Being a perfectionist has several disadvantages:
- You waste a lot of time. Some things don’t require a high level of attention. To spend more time than necessary is a waste of an important resource: your time. If success is important to you, allocating your time wisely is an important consideration.
- It creates a lot of stress. When there’s only one way to be successful at something, there’s no room for error. Perfectionists aren’t happy people. There’s a constant anxiety that can can’t be completely satisfied.
- You lose sight of the big picture. Bogging yourself down with trivial details can limit your awareness of the bigger objective.
- You’re never happy with your results. You might be satisfied, but you’re never happy.
Being a perfectionist limits your efficiency and effectiveness. There are signs that many perfectionists share.
Signs to Be Aware Of
Decide if you’re trying to be too perfect:
1) You take things too far. No matter what you do, you take it to the limit. Everything has to be done as well as possible, whether it’s folding the laundry, parking the car, or doing something more meaningful.
2) You long for your school days. School is perfect for perfectionists. The competition isn’t too great on the average, and your achievements are witnessed by all. Your work is also clearly judged quantitatively. You know exactly where you stand.
3) You’re judgemental of others. Your standards of acceptability are so high that no one can consistently achieve them. If you find yourself with less friends than you’d like, your commitment to be perfect might be the primary cause.
4) You’re too hard on yourself. By the same token, you can’t live up to your expectations either. This leads to feelings of disappointment and shame. Are you more successful than most of the people you know, but less pleased with yourself than they are with themselves? Do you find it hard to be proud of yourself?
- Do you feel happy and proud when you’re successful, or do you merely feel a sense of relief?
5) You procrastinate excessively. The need to be perfect creates anxiety and makes it hard to get started. You know you’re in for a lot of work and self-induced drama. Under those circumstances, anyone would be hesitant to get started!
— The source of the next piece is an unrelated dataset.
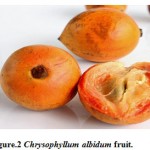 Figure 2: Chrysophyllum albidum fruit.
What Can You Do if You’re a Perfectionist?
Try these techniques
Determine how much time is reasonable for completing the task. Ask a successful friend how long she would spend, and limit yourself to that amount of time. You’ll soon learn what’s reasonable.
Stay focused on the most important activities. Perfectionists spend too much time on minor details. Ask yourself which activities will yield the most results for the time spent.
Learn to accept being less than perfect. Notice that no one else cares if something is less than perfect. You don’t need to beat everyone. Strive to attain a high level of quality with a reasonable amount of effort and time.
If you’re a perfectionist, ask yourself why. What do you gain? What does it cost you? Do you take pleasure from being perfect? How do you feel when you’re less than perfect?
Have you discovered that you’re a perfectionist? Each day practice doing something well, but not perfect. It may take a while, but soon enough, you’ll be enjoying the benefits of excellence rather than the disadvantages of perfectionism.